Два обстоятельства говорили в пользу того, что Кежара оставалась одним из последних оплотов независимости. Прежде всего она служила резиденцией главы всех деревень на Риу-Вермелью — высокомерной и загадочной личности. Он не знал португальского языка или, может быть, демонстрировал его незнание, но был внимателен к нашим нуждам. Однако по соображениям престижного, а также лингвистического свойства он избегал общаться со мной иначе как через членов своего совета, вместе с которыми принимал все решения.
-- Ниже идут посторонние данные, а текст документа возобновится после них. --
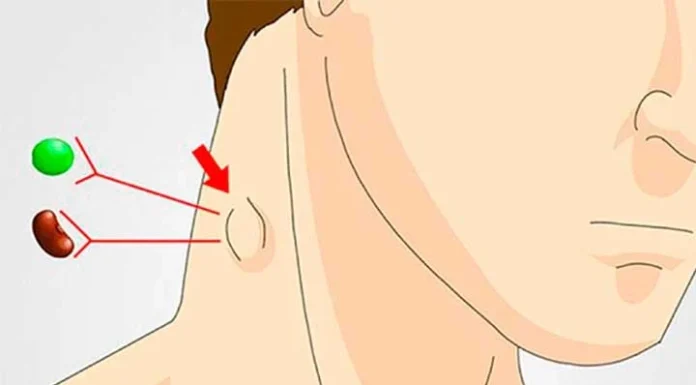 6 remedii naturiste pentru detoxifierea sistemului limfatic.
Кроме того, в Кежаре жил индеец, который должен был стать моим переводчиком и главным информатором. Этот человек лет тридцати пяти довольно хорошо говорил по-португальски. По его словам, раньше он умел также читать и писать на этом языке, так как воспитывался при миссии. Гордясь достигнутым успехом, святые отцы послали его в Рим, где он был принят папой. По возвращении его задумали женить по христианскому обряду, не считаясь с местными традициями. Эта попытка вызвала у него духовный кризис, от которого он спасся только тем, что вернулся к прежнему идеалу бороро: поселился в Кежаре, где вот уже десять или пятнадцать лет вел образцовую жизнь «дикаря». Совершенно нагой, расписанный красной краской, с проколотыми палочками носом и нижней губой, весь украшенный перьями, этот папский индеец оказался великолепнейшим наставником в социологии бороро.